* [GIVEN DATA]
|---|

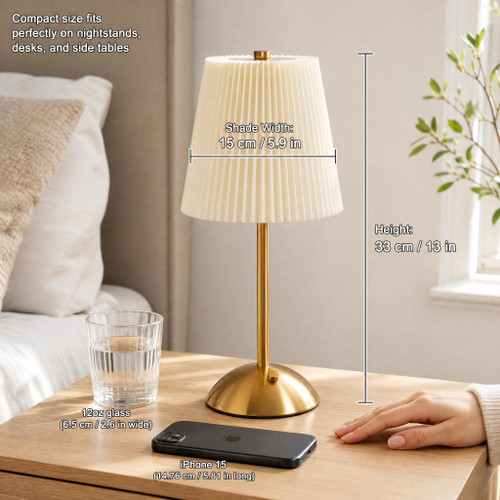 Rechargeable Cordless Table Lamp, 3-Color Dimmable Touch Light, Beige Shade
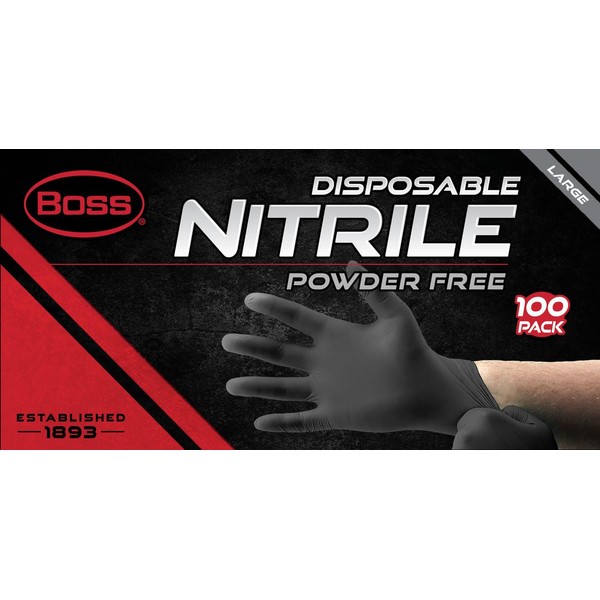 West Chester B21051-L 4 Mil Large Nitrile Glove Black -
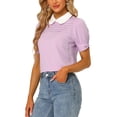 thumbnail image 4 of INSPIRE CHIC Blouse à Manches Courtes Bouffantes pour Femme à Col Peter Pan Violet Pâle S, 4 of 5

|---|

* [ABOUT THIS TASK] The preceding listing is to be restated word for word, with every picture omitted.

* [WRITTEN RESPONSE]
 Rechargeable Cordless Table Lamp, 3-Color Dimmable Touch Light, Beige Shade
 West Chester B21051-L 4 Mil Large Nitrile Glove Black -
 thumbnail image 4 of INSPIRE CHIC Blouse à Manches Courtes Bouffantes pour Femme à Col Peter Pan Violet Pâle S, 4 of 5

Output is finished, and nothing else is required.